US Economy Shrinks in Trump Tariff Shadow with Stagflation Fear

Billionaire Elon Musk and US President Donald Trump (Image credit X.com)
US Economy Shrinks for First Time in Three Years Amid Trump Tariff Fallout, Experts Warn of Stagflation
By S Jha
Mumbai, May 1, 2025 – The US economy contracted by 0.3% in the first quarter of 2025, marking its first decline since 2022, driven by a surge in imports and reduced government spending, according to the Commerce Department’s Bureau of Economic Analysis.
The downturn, a sharp reversal from the 2.4% growth in Q4 2024, sparked fears of stagflation and recession. Experts blasted the disruption to President Donald Trump’s aggressive tariff policies.
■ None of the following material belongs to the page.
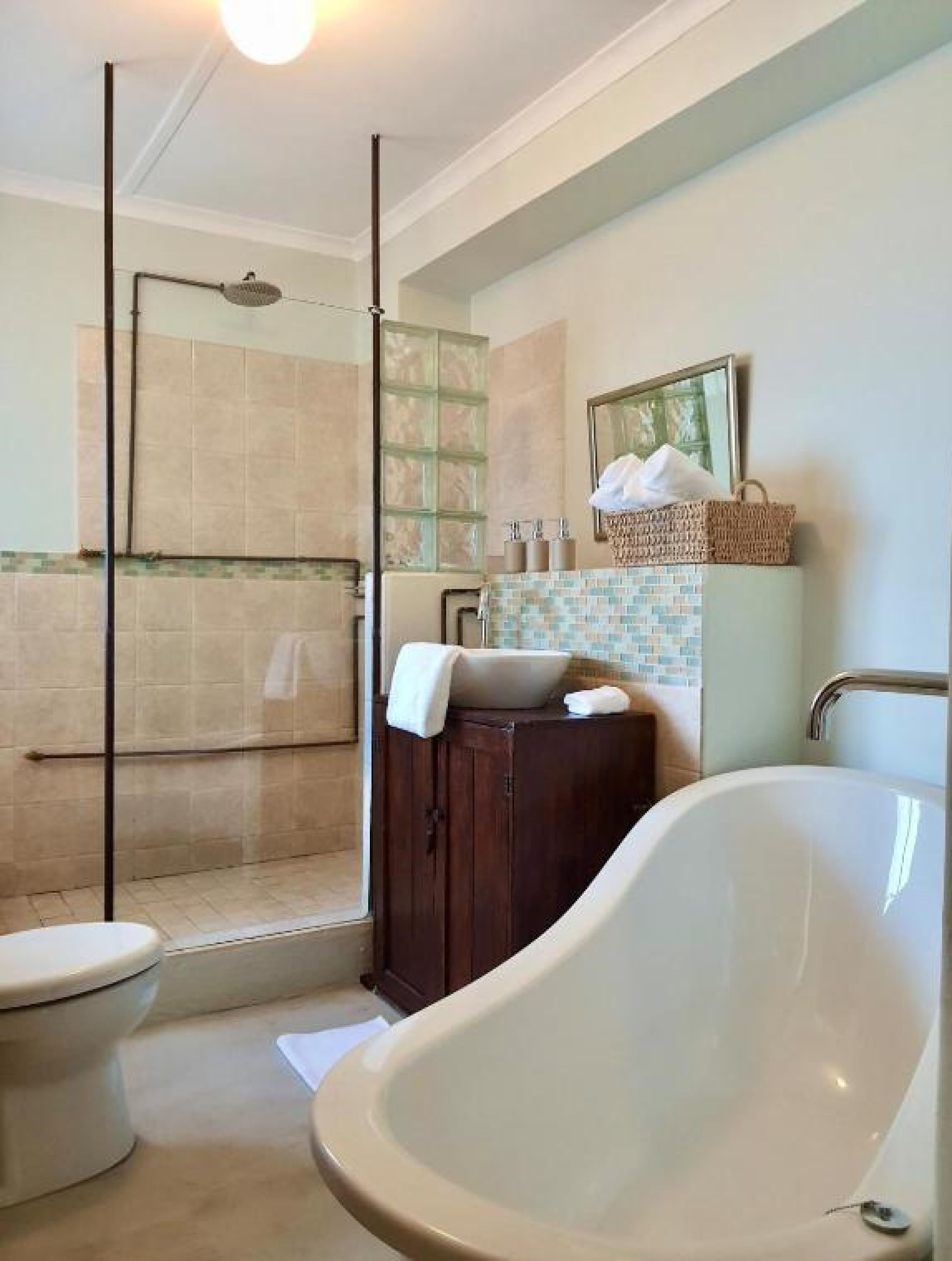 A bathroom with a bathtub, toilet, and glass shower enclosure.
The GDP contraction was primarily fueled by a 41.3% surge in imports, as businesses rushed to stockpile goods ahead of Trump’s tariffs, which include a 145% levy on Chinese imports. This widened the trade deficit to a record $162 billion in March, subtracting nearly 5% from GDP growth.
Federal government spending also fell 5.1%, with defence spending dropping 8%. Despite these drags, consumer spending grew at a modest 1.8%, and business investment surged 9.8%, signaling underlying resilience.
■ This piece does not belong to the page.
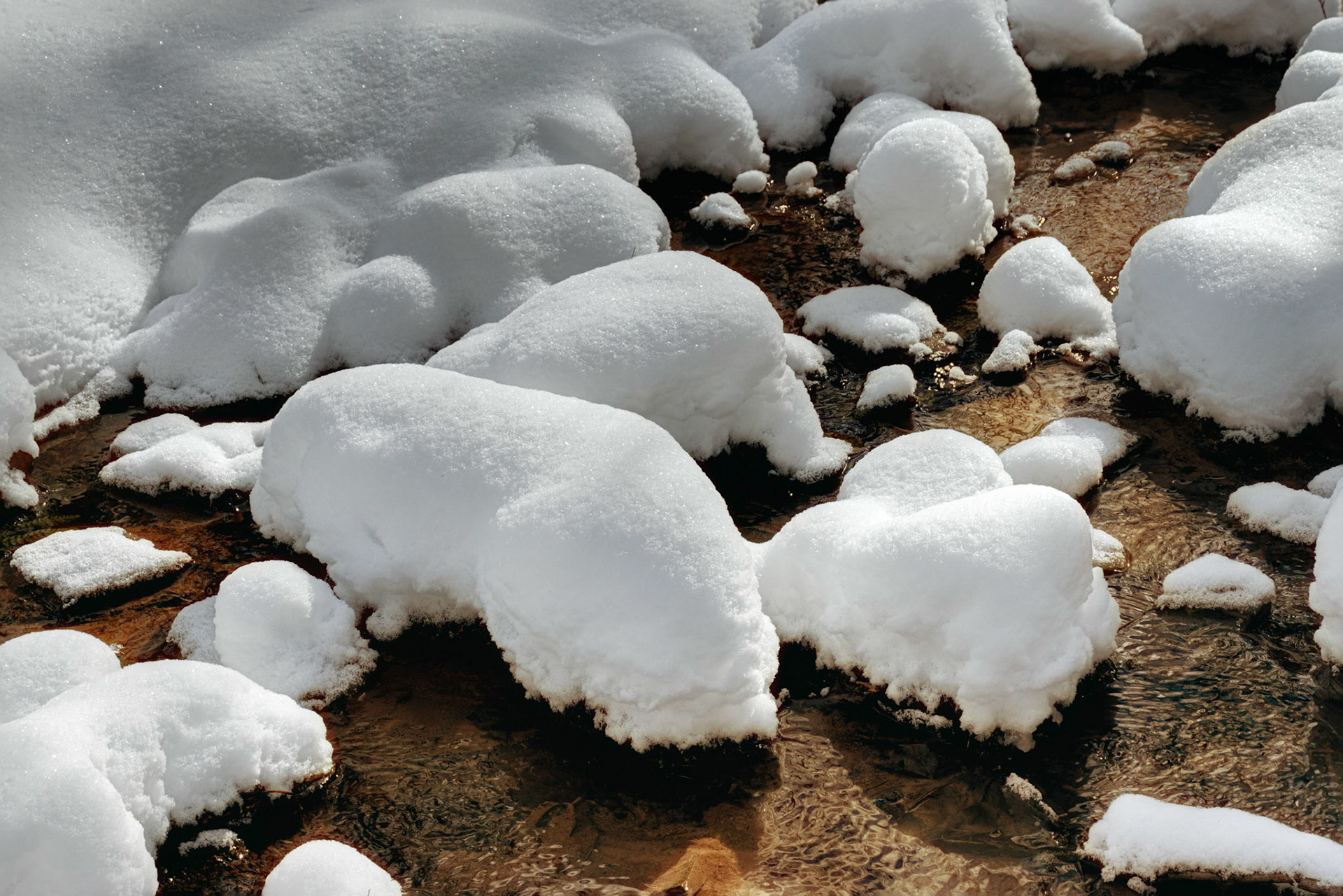 Heavy Snow Falls on Rocks in Small Creek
Experts sounded alarms over the economic outlook. Mark Zandi, chief economist at Moody’s Analytics, posted on X, “Tariff wars, DOGE cuts to jobs and government programs, and deportations are sowing confusion, which puts a pall on investment, hiring, and spending… Lawmakers need to get it together soon, or the economy will go from gagging to choking.”
Ellen Zentner, chief economic strategist at Morgan Stanley Wealth Management, called the GDP report a “stagflation warning shot over the bow of the economy,” citing stagnant growth alongside accelerating inflation, with the core PCE index rising 3.5% in Q1.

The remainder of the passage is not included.